How is that possible? Because of the following dynamic: as the California budget has been strangled and chained increasingly under various budget restrictions and formulas like Prop 2, local governments and interest groups, searching for ways to fund starved priorities, have turned more and more to bonds. Put it another way: the more you clamp down on spending, and take money that could be used to restore fundamental programs for reserves and debt payoffs, the more you force people to look at borrowing.
It’s an important point lost in the total civic and journalistic void around Prop 2 and Gov. Brown’s austerity approach to budgeting. The “Wall of Debt” Gov Brown likes to talk about is not the product of political overspending. It’s the product of scarcity. Since it’s so hard to raise taxes (in part because of rules and in part because of politicians like Brown and Gov. Schwarzenegger who pose as fiscally responsible and skeptical of taxes), borrowing has looked attractive. The state itself has led the way in borrowing, both by going to voters and by borrowing from its hundreds of special funds. Local governments also have embraced borrowing in a big way to come jup with money.

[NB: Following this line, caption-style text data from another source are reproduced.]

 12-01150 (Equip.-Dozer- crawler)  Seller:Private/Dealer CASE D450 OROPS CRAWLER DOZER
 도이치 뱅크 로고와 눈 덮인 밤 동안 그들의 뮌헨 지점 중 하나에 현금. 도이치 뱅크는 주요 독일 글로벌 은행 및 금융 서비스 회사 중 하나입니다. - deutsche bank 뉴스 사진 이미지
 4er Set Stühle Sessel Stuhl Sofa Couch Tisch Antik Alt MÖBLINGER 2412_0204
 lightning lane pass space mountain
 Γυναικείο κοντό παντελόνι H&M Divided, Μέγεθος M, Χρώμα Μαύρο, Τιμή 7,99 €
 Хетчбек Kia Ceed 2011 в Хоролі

You’re seeing the dynamic again this year. School districts, having been starved of funds for years (and used as a source of borrowing by the starved state, I might add, via deferrals), are desperate to get the money it takes to educate. Despite an increase in state spending, California still lags. The result: a record number of school bond measures on local ballots.
Prop 2, of course, represents a Sacramento mentality; if we decree here that we’ll have reserves (albeit a very limited one) and will pay back debt, everyone will follow. Earth to Sacramento and Prop 2: just because you think there’s enough money for public services that have been starved for decades doesn’t mean that there’s actually enough.

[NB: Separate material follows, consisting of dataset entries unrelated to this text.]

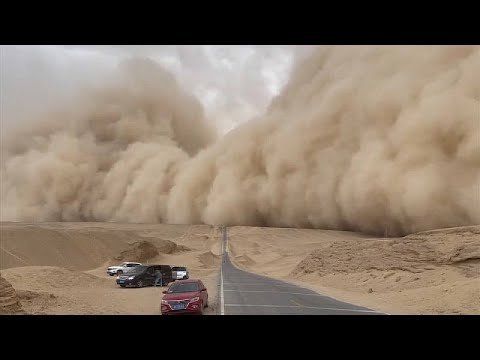 На провинцию Цинхай обрушилась сильнейшая за 20 лет песчаная буря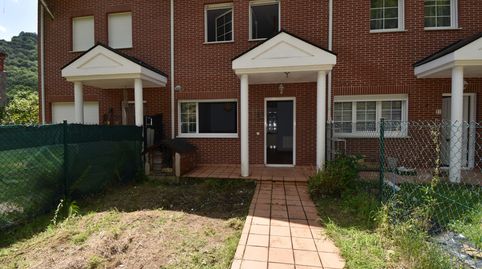 Foto 2 von Einfamilien-Reihenhaus zum Verkauf in Lugar Bustablado, Arredondo, Cantabria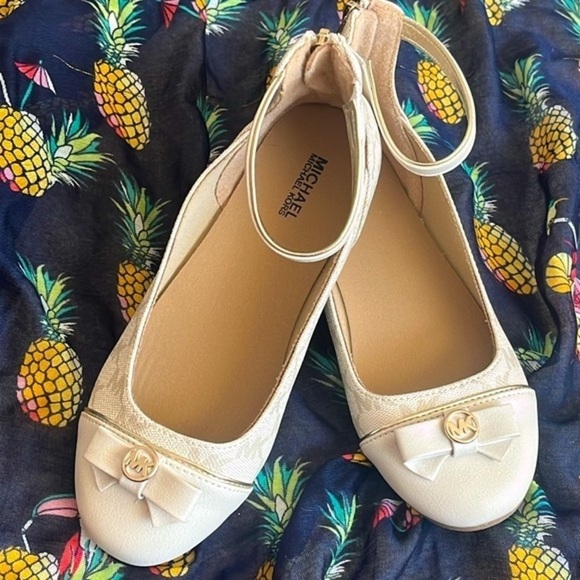 Brand New Michael Kors Cream Round Toe Bow Ankle Strap Zipper Flats Dress Shoes - Picture 7 of 16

Needs are what they are. And Sacramento’s favored whips and chains usually have nothing to do with needs; Prop 2’s formula is all about budget funds and tax revenues, not what the public needs, just as Prop 98’s formula is all about economic and budget data, not the state’s educational needs. (Prop 13 is also a tax limitation formula that undergirds so many other formulas). Even worse, Prop 2 limits the reserves of school districts; that’s another reason why districts, instead of saving to pay for needs, may be more inclined to borrow.
The ads say Prop 2 will save money. But debt is a costly way to pay for things, Prop 2, which creates incentives for new debt, will almost certainly do exactly the opposite of what its backers promise.